Another alternative is called reference-based pricing, in which employees have a choice among hospitals, doctors or procedures.  Information regarding pricing and quality of care is available to help employees decide.  Should the employee choose a procedure or provider that is more expensive that what is offered under the employer health care plan, he or she may be required to make up the difference.  Should the employee go with a less costly option, the employer can offer a health care credit against another procedure.  Reference-based pricing encourages employees to learn more about their health benefit options and make cost-effective choices.

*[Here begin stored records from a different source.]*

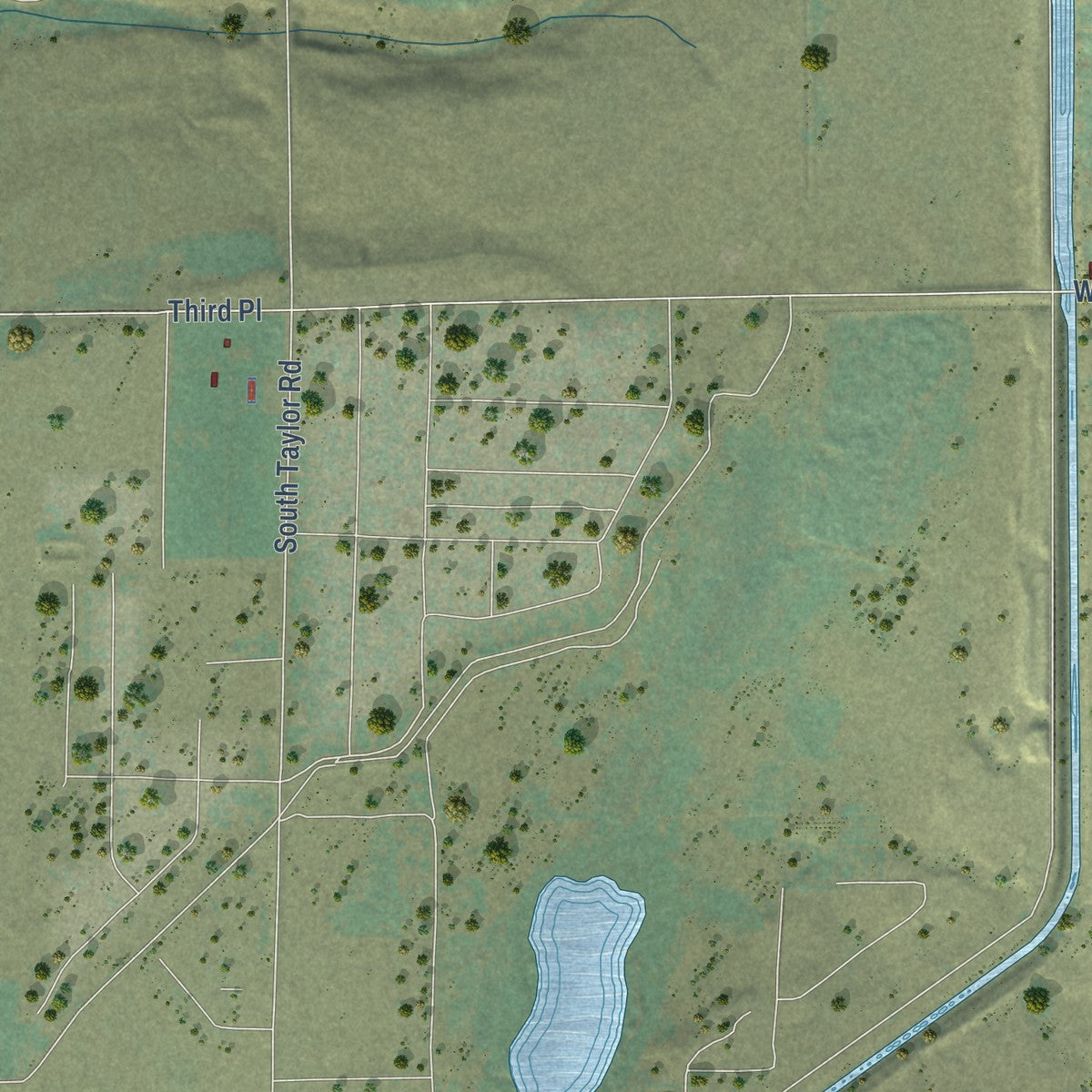 Second close-up of the map of Othello, Washington print showing more streets and buildings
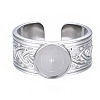 Non-Tarnish 304 Stainless Steel Open Cuff Finger Ring Cabochon Settings X-STAS-T060-05P-1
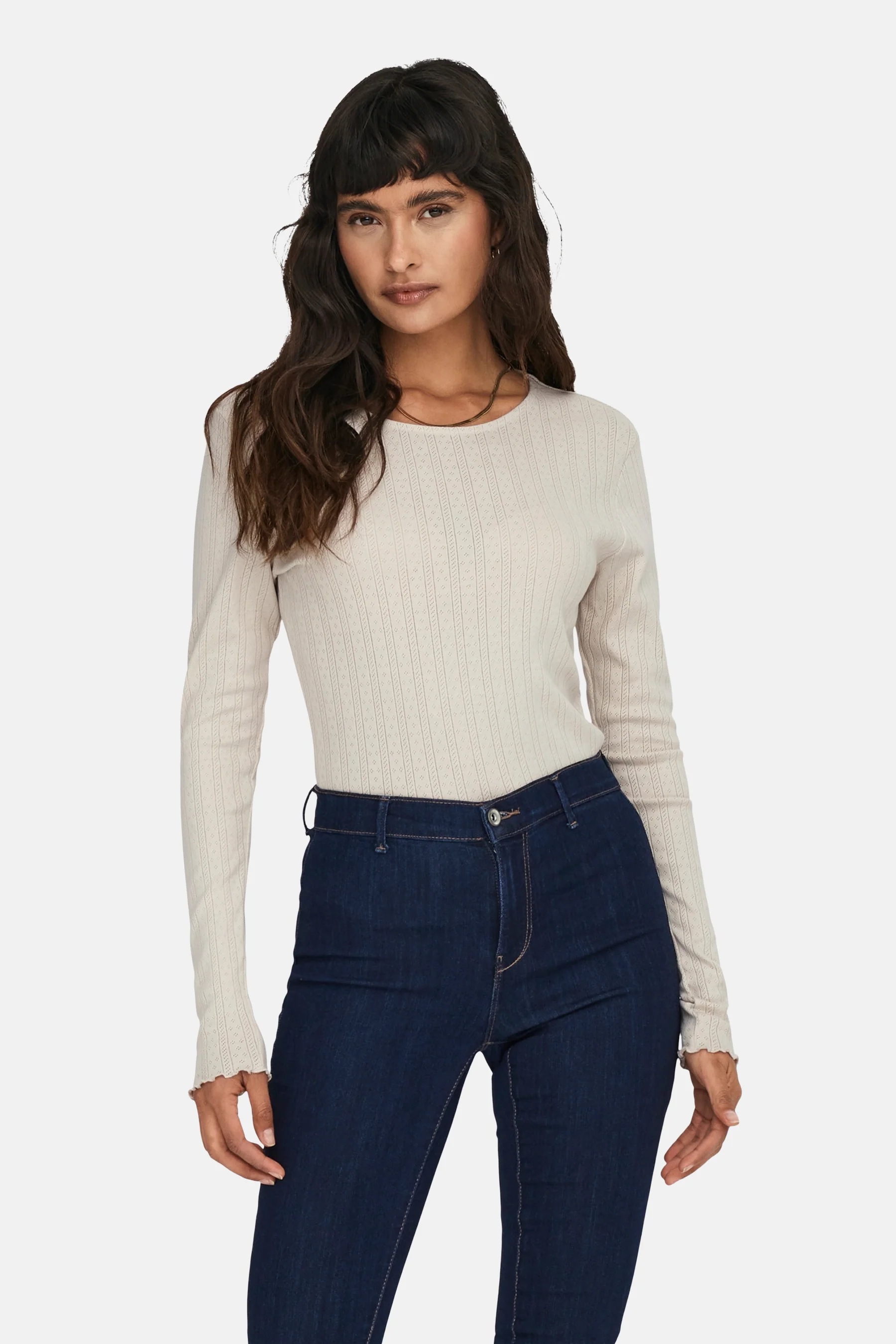 T-shirt met lange mouwen - ecru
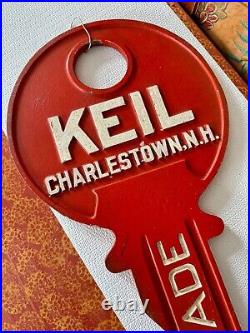 Vintage Cast Iron Trade Sign Keil Charlestown NH Key Advertising Sign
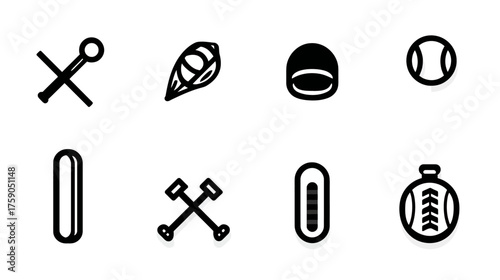 Set of black and white baseball sport icons including bats, ball, glove, and helmet. Simple vector graphic design elements.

Hospital Pricing Transparency Required Online
A Trump administration mandate requiring hospitals to publish list prices for care online took effect in early 2021.  The rules require that hospitals must post the following information:  gross charges, discounted cash prices, payer-specific negotiated charges and “de-identified” minimum and maximum negotiated rates.  A complete file must be filed with the federal CMS office, while up to 300 procedures must be listed on a website available to the general public.

     Dozens of major corporations, including American Express, Marriott, Macy’s, IBM and The Coca-Cola Company, have formed the Health Transformation Alliance (HTA) to cut health care spending for employees.  The alliance created group contracts to purchase prescription drugs through CVS Health Corp. and UnitedHealth Group, Inc., and created specialized physician networks.  As of September 2023, HTA had almost 60 corporate members representing 4.5 million employees, saving employers members more than $1 billion collectively.  Meanwhile, Haven Health, an alliance between Amazon.com, Inc., Berkshire Hathaway, Inc. and JPMorgan Chase & Co., disbanded in early 2021 due to its inability meet its goal of promoting lower employer costs for health care.